Dopo quattro anni di inchiesta, più di 400 interviste, 25.000 documenti analizzati e 20.000 immagini raccolte, Brereton ha tirato le conclusioni, descrivendo quella che il capo di Stato maggiore Angus Campbell ha presentato come la pagina «forse più vergognosa della storia militare australiana».
Sarebbero 39 infatti i civili afghani uccisi senza ragione da 25 membri delle forze speciali australiane, le «SAS» (Special Air Service), in 23 episodi differenti, i cui dettagli sono perlopiù omessi dal rapporto pubblico.

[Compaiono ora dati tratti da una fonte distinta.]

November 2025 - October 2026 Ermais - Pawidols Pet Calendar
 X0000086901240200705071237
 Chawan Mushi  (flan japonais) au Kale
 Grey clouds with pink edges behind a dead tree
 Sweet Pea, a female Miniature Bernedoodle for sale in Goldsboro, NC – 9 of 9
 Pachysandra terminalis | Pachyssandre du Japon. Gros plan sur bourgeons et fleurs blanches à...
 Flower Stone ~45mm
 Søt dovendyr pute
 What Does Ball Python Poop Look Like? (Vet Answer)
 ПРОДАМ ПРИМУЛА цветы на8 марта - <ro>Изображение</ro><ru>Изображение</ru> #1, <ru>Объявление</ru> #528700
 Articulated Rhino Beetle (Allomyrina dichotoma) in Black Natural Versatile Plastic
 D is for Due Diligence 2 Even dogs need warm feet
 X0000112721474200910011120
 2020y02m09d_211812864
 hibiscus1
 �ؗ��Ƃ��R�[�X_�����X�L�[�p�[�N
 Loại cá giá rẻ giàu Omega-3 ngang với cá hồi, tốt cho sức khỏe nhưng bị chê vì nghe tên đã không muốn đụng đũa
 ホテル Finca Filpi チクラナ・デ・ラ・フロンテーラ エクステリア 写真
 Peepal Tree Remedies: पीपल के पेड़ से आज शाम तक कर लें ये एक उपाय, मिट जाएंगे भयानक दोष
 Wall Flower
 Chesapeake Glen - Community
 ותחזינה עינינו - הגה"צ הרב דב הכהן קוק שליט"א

Il rapporto rivela una pratica ricorrente. I comandanti di pattuglia chiedevano ai nuovi membri di superare una sorta di rito di iniziazione: esecuzioni degli afghani sotto loro custodia. Sporcarsi le mani di sangue, uccidere, per spirito di corpo e di affiliazione. Inoltre, ci sarebbero state vere e proprie gare per ottenere il più alto numero di «nemici combattenti» uccisi. Si trattava di innocenti, sui cui corpi venivano lasciate armi, granate, riviste di armamenti, così da legittimarne l’uccisione. Un modo «per nascondere uccisioni illegali deliberate», recita il rapporto. I resoconti venivano manipolati, scritti e riscritti, in modo da trasformare gli innocenti in obiettivi legittimi: secondo quanto dichiarato dallo stesso Campbell, tutti i casi riguardano omicidi avvenuti fuori dal fronte di battaglia, quando gli afghani erano detenuti o sotto custodia dei soldati australiani. Contadini, civili, cittadini senza colpe.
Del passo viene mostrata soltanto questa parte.